[Records from a data collection]
=-=-=

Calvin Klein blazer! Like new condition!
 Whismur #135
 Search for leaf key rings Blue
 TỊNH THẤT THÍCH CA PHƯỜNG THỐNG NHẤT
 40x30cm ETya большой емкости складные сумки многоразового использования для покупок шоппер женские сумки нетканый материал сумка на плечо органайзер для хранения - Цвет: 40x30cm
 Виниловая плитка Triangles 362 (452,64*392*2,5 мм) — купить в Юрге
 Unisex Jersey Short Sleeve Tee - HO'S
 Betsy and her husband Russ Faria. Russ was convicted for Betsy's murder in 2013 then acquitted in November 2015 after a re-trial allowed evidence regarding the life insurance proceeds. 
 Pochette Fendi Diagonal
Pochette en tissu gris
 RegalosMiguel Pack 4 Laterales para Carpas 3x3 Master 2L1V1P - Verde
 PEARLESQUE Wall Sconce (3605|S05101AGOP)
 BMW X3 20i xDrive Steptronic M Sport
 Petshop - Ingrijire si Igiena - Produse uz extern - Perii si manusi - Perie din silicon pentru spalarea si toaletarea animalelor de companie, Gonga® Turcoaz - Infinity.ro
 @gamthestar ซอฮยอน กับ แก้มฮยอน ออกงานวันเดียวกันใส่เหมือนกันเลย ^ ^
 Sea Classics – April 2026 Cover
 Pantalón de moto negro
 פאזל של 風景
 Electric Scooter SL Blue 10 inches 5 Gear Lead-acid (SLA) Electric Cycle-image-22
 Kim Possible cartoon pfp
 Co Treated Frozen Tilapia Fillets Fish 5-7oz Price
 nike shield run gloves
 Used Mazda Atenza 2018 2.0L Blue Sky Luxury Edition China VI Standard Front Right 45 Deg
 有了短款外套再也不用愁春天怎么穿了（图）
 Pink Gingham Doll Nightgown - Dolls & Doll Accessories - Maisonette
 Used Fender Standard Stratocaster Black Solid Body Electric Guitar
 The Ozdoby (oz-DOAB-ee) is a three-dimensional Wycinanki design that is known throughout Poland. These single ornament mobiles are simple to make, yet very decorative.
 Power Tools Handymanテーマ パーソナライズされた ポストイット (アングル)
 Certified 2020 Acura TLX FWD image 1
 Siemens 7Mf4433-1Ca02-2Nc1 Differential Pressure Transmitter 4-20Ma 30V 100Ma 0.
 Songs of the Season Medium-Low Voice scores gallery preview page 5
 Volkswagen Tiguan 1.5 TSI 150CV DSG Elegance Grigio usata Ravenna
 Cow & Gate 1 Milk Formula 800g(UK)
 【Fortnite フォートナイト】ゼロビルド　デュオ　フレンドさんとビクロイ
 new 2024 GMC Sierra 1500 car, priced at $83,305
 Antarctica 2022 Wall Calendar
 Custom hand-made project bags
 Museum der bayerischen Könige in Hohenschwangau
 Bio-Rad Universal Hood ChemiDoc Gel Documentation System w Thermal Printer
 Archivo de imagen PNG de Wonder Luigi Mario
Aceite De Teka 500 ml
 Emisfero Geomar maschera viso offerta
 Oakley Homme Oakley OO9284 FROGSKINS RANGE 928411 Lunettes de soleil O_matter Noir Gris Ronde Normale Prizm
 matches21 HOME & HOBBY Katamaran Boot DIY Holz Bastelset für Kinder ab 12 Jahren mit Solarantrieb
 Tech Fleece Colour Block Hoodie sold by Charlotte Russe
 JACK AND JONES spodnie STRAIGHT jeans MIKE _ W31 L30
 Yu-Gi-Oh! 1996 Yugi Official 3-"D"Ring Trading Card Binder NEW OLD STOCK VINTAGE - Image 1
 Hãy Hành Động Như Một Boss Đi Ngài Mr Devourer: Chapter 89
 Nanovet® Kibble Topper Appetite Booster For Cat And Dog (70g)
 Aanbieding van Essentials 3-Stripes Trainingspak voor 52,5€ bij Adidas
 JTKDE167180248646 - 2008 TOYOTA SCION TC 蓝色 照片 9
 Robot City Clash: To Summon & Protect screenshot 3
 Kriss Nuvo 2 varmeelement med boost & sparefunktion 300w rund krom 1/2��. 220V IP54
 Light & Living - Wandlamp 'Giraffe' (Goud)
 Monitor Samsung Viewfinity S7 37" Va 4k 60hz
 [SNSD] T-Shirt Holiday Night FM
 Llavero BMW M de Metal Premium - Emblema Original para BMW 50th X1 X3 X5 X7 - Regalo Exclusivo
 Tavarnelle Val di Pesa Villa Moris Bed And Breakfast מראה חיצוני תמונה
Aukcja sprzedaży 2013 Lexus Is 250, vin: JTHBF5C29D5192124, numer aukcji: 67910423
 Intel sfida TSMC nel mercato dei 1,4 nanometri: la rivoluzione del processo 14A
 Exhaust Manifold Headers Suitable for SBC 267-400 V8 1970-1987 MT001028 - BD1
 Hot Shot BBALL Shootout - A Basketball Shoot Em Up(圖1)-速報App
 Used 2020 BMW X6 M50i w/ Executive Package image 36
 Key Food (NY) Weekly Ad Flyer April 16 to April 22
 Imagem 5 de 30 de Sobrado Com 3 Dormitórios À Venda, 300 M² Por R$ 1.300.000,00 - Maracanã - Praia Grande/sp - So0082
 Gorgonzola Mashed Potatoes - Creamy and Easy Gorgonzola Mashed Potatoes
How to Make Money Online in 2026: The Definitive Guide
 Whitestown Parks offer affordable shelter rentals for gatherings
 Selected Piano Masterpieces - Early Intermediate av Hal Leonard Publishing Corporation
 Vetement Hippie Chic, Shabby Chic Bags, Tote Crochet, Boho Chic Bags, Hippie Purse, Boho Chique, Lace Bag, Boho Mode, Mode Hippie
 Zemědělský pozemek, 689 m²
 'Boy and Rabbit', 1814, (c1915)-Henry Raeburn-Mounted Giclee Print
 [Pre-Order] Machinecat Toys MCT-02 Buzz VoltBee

=-=-=

Description of the task:
Output all lines from the beginning of the data up to the line holding "TỊNH THẤT THÍCH CA PHƯỜNG THỐNG NHẤT", that line included, exactly as written.

Expected answer:
Calvin Klein blazer! Like new condition!
 Whismur #135
 Search for leaf key rings Blue
 TỊNH THẤT THÍCH CA PHƯỜNG THỐNG NHẤT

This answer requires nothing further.